Releases: lanl/T-ELF
v0.0.11
- Adds acronym identification and substitution for acronyms capability to Vulture.
- Fixes the dependency list in .yml files for installation.
v0.0.10
Adds a new text mining tool named Cheetah for fast search by keywords and phrases.
v0.0.9
- Fixed bug where masking in NMFk was not passed properly to the NMF optimization.
- Fixed bug where Vulture did not check cleaning steps in dataframe cleaning.
- Adding ability for
operator
based module in Vulture. Not Vulture supportscleaning
andoperator
modules. - Adding
NER operator
module to Vulture.
v0.0.8
- Fixes a bug where consensus matrix would not fit in MPI communication for large matrices if multi-node factorization is performed.
- Fixes a bug where consensus matrix calculation would not do unpruning for matrices that are pruned.
v0.0.7
Hot fix for a bug where WNMFk was not updating H latent factor with non-negativity constraint.
v0.0.6
- Fixes a bug in WNMFk that would result in issues in using GPUs
- Several Vulture bug fixes:
- fixed a bug where case sensitivity would affect stopwords removal
- fixed a bug where the SubstitutionCleaner.lower attribute being set to True would cause the entire document to be converted to lowercase instead of just ignoring case in substitution matching
- fixed a bug where input substitutions dictionary would be modified by reference in SubstitutionCleaner
- fixed a bug where empty strings would be output by Vulture.dataframe_clean() (in the case of invalid input documents such as non english text). Now these values are set to np.nan in the output DataFrame
v0.0.5
New Features
- Adds ability to run TriNMFk without having to run NMFk first.
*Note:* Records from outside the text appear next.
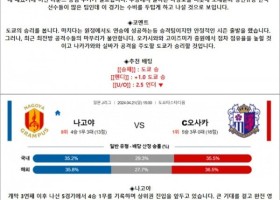 4월 21일 J1리그 2경기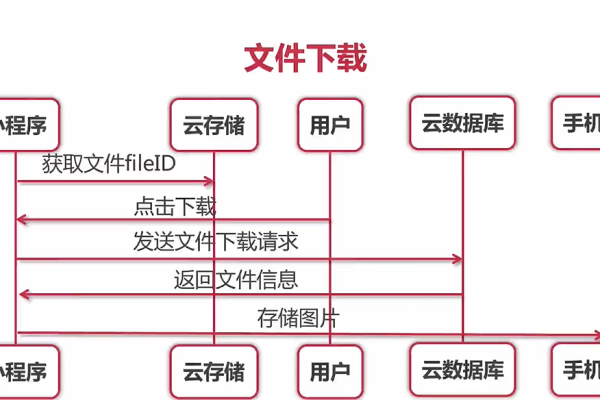 云服务平台图片怎么上传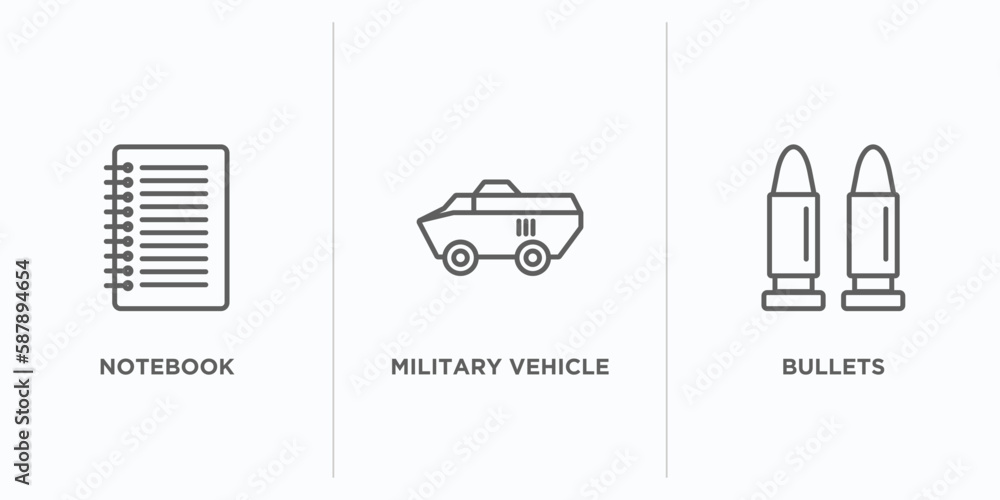 Poster army outline icons set. thin line icons such as notebook, military vehicle, bullets vector. linear i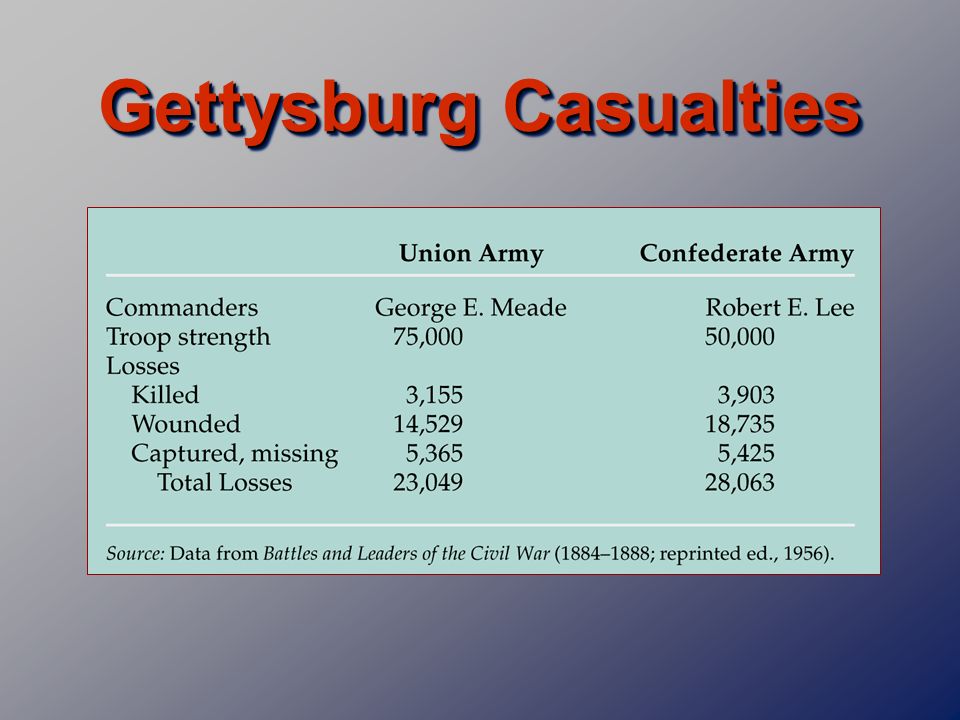 Gettysburg Casualties Chart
- Adds WNMFk for recommendation systems.
Bugs
- Fixes bug with
n_jobs
when using perturb multi-processing.
v0.0.4
Merge pull request #69 from lanl/develop rebase to main. version change
v0.0.3
Fixes bug with RESCALk.
v0.0.2
Tensor Extraction of Latent Features (T-ELF)
T-ELF is one of the machine learning software packages developed as part of the R&D 100 winning SmartTensors AI project at Los Alamos National Laboratory (LANL). T-ELF presents an array of customizable software solutions crafted for analysis of datasets. Acting as a comprehensive toolbox, T-ELF specializes in data pre-processing, extraction of latent features, and structuring results to facilitate informed decision-making. Leveraging high-performance computing and cutting-edge GPU architectures, our toolbox is optimized for analyzing large datasets from diverse set of problems.
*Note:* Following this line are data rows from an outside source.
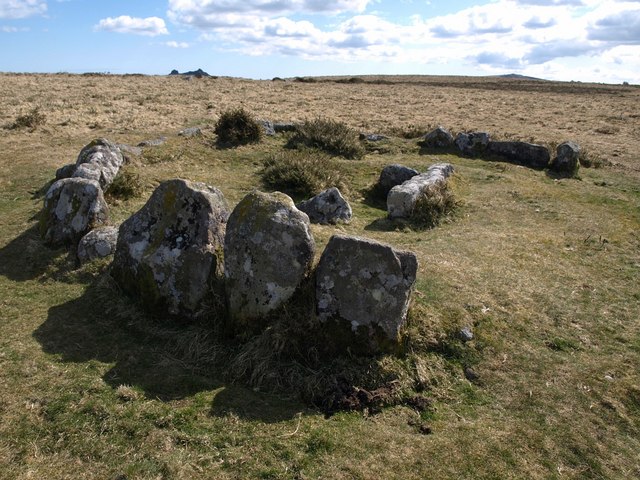 Cist Burial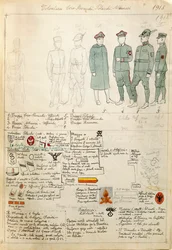 Albanische, tschechoslowakische und polnische Freiwilligenuniformen des Königreichs Italien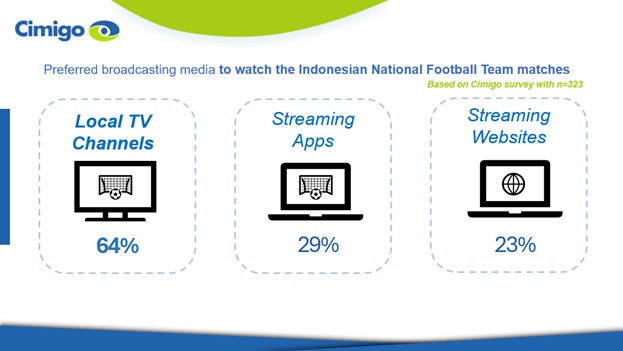 Indonesia football survey Cimigo viewing media platform 2024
Central to T-ELF's core capabilities lie non-negative matrix and tensor factorization solutions for discovering multi-faceted hidden details in data, featuring automated model determination facilitating the estimation of latent factors or rank. This pivotal functionality ensures precise data modeling and the extraction of concealed patterns. Additionally, our software suite incorporates cutting-edge modules for both pre-processing and post-processing of data, tailored for diverse tasks including text mining, Natural Language Processing, and robust tools for matrix and tensor analysis and construction.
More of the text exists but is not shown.